Evaluation process by Borough Council begins tonight.

By: Jennifer Potash
   The proposed downtown parking garage plan cleared one hurdle at the Princeton Regional Planning Board on Thursday. Now borough officials begin the process of selecting a developer for the project.
   The Princeton Borough Council tonight will evaluate the five respondents to the borough’s request for qualifications, along with the two prior submittals from a request for proposals from architects and engineers.
   The borough is planning to build a four-level garage with 483 spaces at the site of the Park & Shop lot at Spring and Witherspoon streets and on top of a new building on the Tulane Street lot.

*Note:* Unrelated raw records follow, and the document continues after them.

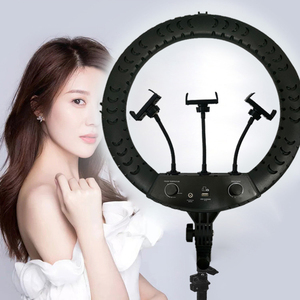 Luce ad Anello LED per Streaming Live su YouTube, Illuminazione per <span class=keywords><strong>Fotografia</strong></span> con Supporto Treppiede, Luce ad Anello da 18 Pollici - Product Image 3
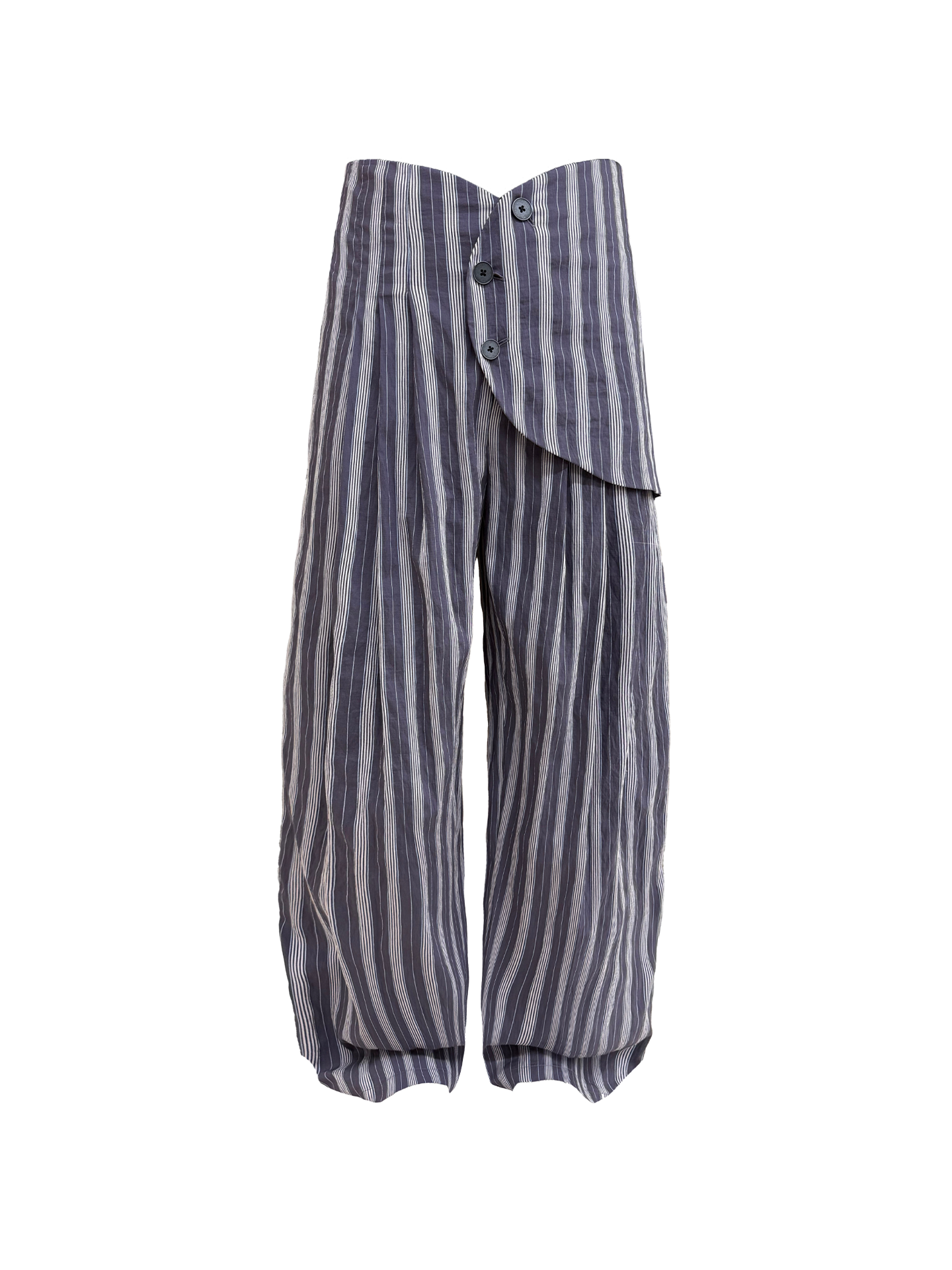 JCAESAR Armored‑style striped trousers with curved side panels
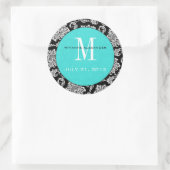 Autocollant Turquoise de Mariage de monogramme Dam (Sac)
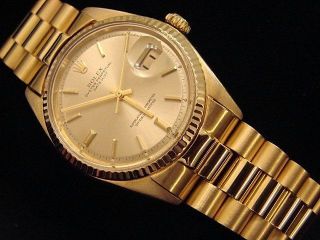 Mens Rolex Solid 18k Yellow Gold Datejust W/Gold Plated President Style Bracelet 2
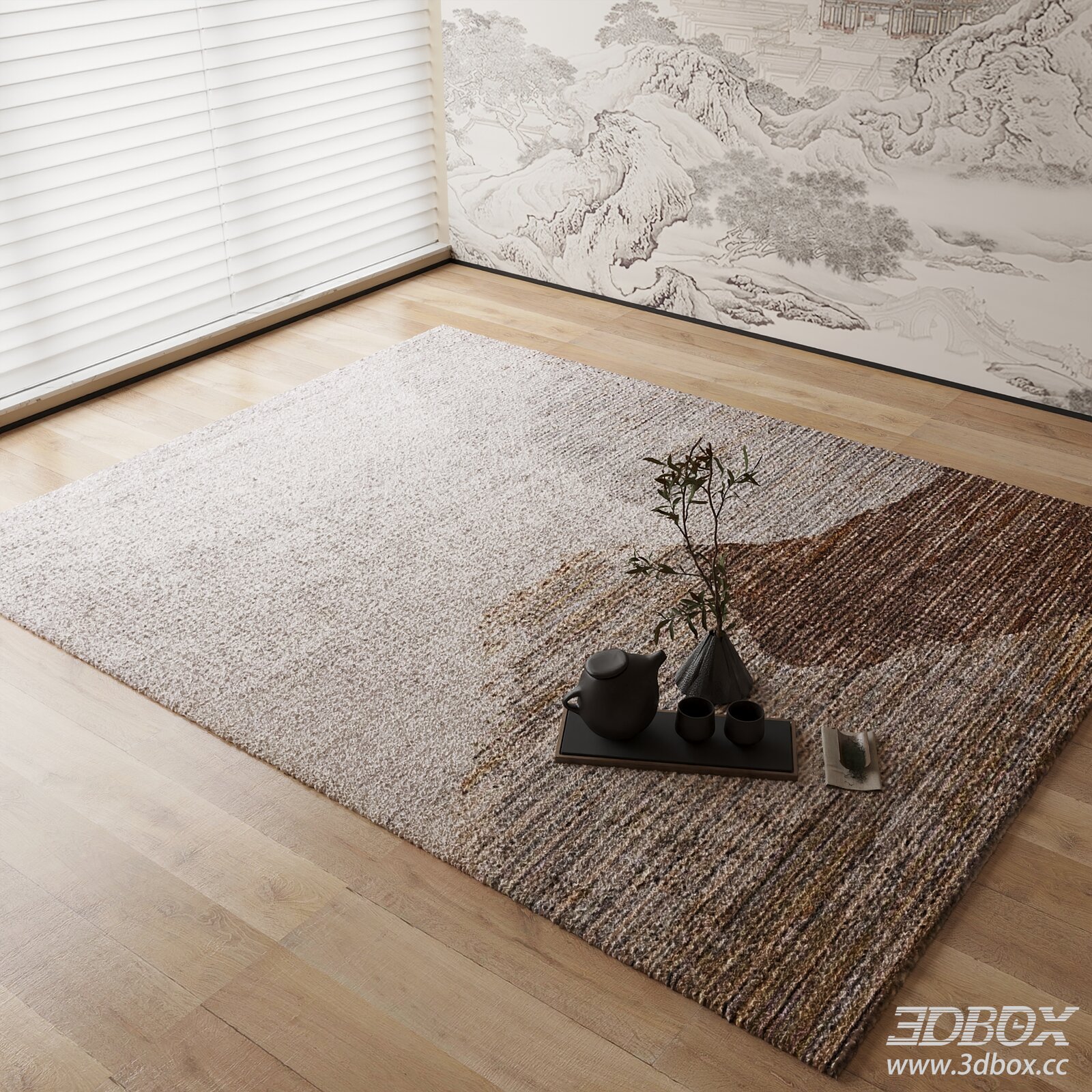 New Chinese Style Textured Woven Carpet 3D model - thumbnail 1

The plan also includes a public square, shops, apartments and a possible food market.
   The five respondents to the RFQ are the Mercer County Improvement Authority with Keating Development Co. of Bala Cynwyd, Pa.; Nexus Properties of Trenton; Woodmont Properties of Parsippany; King Interests of West Windsor; and Nassau Capital Advisors of Vandeventer Avenue.
   Two responses were received in response to last year’s request for proposals. The first came from a consortium comprised of four entities: The Hillier Group; consulting architects Geddes Demshak; Richardson Smith Architects; Arnold Associates and Michael Mostoller. The second was from the Philadelphia-based architectural firm Cope Linder Associates.
   In selecting a developer, the council will look closely at the financial strength of the firm including access to financing, Mayor Reed said.
   At its March 5 meeting, the council is expected to conduct interviews to determine which developers will be invited to submit more detailed proposals, Mayor Reed said. Those interviews will be in closed session.
   The Planning Board paved the way Thursday for the council to partner with a developer by unanimously approving a recommendation to the Borough Council that it designate the Park & Shop and Tulane Street lots as an area in need of redevelopment.
   There was no public comment at the hearing. The council is expected to vote on the designation tonight.
   Some board members were concerned about assuring the opportunity for public comment through the planning process.
   Mayor Reed, also a member of the Planning Board, said the project will undergo full site plan review.
   "The Planing Board has been invited to our discussions and is familiar with what we’re doing," Mayor Reed said. "We want their advice and as (the board) has been encouraging to us in the past we want to keep them on that track."
   The proposed garage emerged as the consensus plan following numerous public meetings and workshops last year, the mayor said.
   The next step is for the borough’s consultant, The Atlantic Group, and the Planning Board to prepare a redevelopment report for consideration by the Princeton Borough Council. That plan is expected to be the garage plan the council adopted in August.
   In other garage-related business at tonight’s meeting, the council is expected to approve a $15,098 professional services contract with Melick-Tully and Associates, P.C. of South Bound Brook for groundwater testing at the Park & Shop lot. It is also expected to adopt an ordinance establishing a parking utility to manage all borough parking operations, including the garage and other lots.
   Also on the agenda, Borough Administrator Robert Bruschi will present the 2002 operating and capital budgets of the affordable-housing programs.